6. Crew Electrical Licence & Accreditation Tracking
You've got 6 crew. Each has: electrical licence (NSW Electrical Contractor, or VIC Electrician, or QLD License to work with electricity, etc.; renewed every 3 years), CEC accreditation (if they do solar work; renewed every 3 years, requires 5-day course + ongoing CPD), SafeWork NSW clearance (if they work on switchboards in NSW; checked annually via SafeWork register). Tracking is a nightmare spreadsheet. Sarah's CEC accreditation expires Dec 2026 (6 months away). She needs to re-do the 5-day course ($1,500–2,500) before Dec or she can't design/install solar. If you forget, Dec arrives, she can't work solar, you're short a crew member for 2 weeks while she does the course. Manual tracking: spreadsheet with crew name + licence type + expiry date. You set a calendar reminder 2 months before (Oct 2026: "Sarah — CEC expires Dec, enrol her in course").
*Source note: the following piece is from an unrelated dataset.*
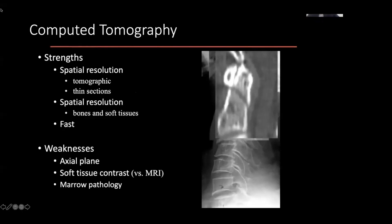The good thing about CT is it's widely available. Most of you will have a CT scanner available, if not in your emergency room, immediately adjacent to the emergency room. Similarly, if not in the OR, immediately adjacent to the OR. So this is very accessible, very quick, and has very few limitations as compared to, for example, MRI.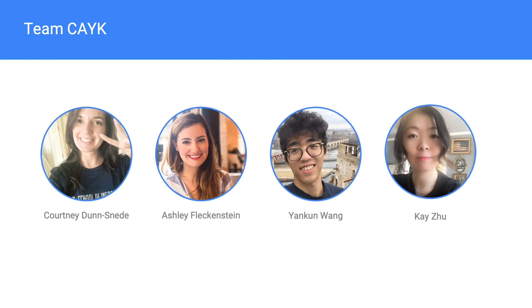Thank you for watching our presentation. This was brought to you by Team CAYK: Courtney, Ashley, Yankun, and Kay.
Reminder lands in your calendar, you might miss it if you're busy. Licence status isn't visible to crew; Sarah doesn't know her accreditation is about to lapse. Custom system: crew database with 3 expiry dates per crew member (electrical licence, CEC accreditation, SafeWork clearance). System auto-calculates: "Sarah: Electrical licence (NSW) expires Dec 18, 2026 (7 months), CEC (Level 3) expires Dec 12, 2026 (6 months, ALERT: renewal due). SafeWork NSW (active, no expiry listed)." System shows on dashboard: "Crew compliance: 6 crew total, 0 expired, 1 expiring within 6 months (Sarah — CEC, action required by Nov 2026 to renew by Dec)." System sends Sarah an email (60 days before expiry): "Your CEC accreditation expires Dec 12, 2026. Renew now to avoid work interruption. [Link to CEC renewal page + recommended courses]." Sarah clicks, enrolls in 5-day course (scheduled Nov, completes before expiry), uploads new certificate. System updates: "Sarah: CEC renewed, now expires Dec 12, 2029." Cost to you: zero additional overhead (system sends reminder, crew manages own renewal). Manual overhead: 2 hours/year managing crew accreditations across 6 crew = $80/yr @ $40/hr. Custom system: zero manual overhead. Plus: zero work stoppages from expired licences (you always know who's current + who's expiring), zero legal liability (you can prove crew are accredited if SafeWork audits you).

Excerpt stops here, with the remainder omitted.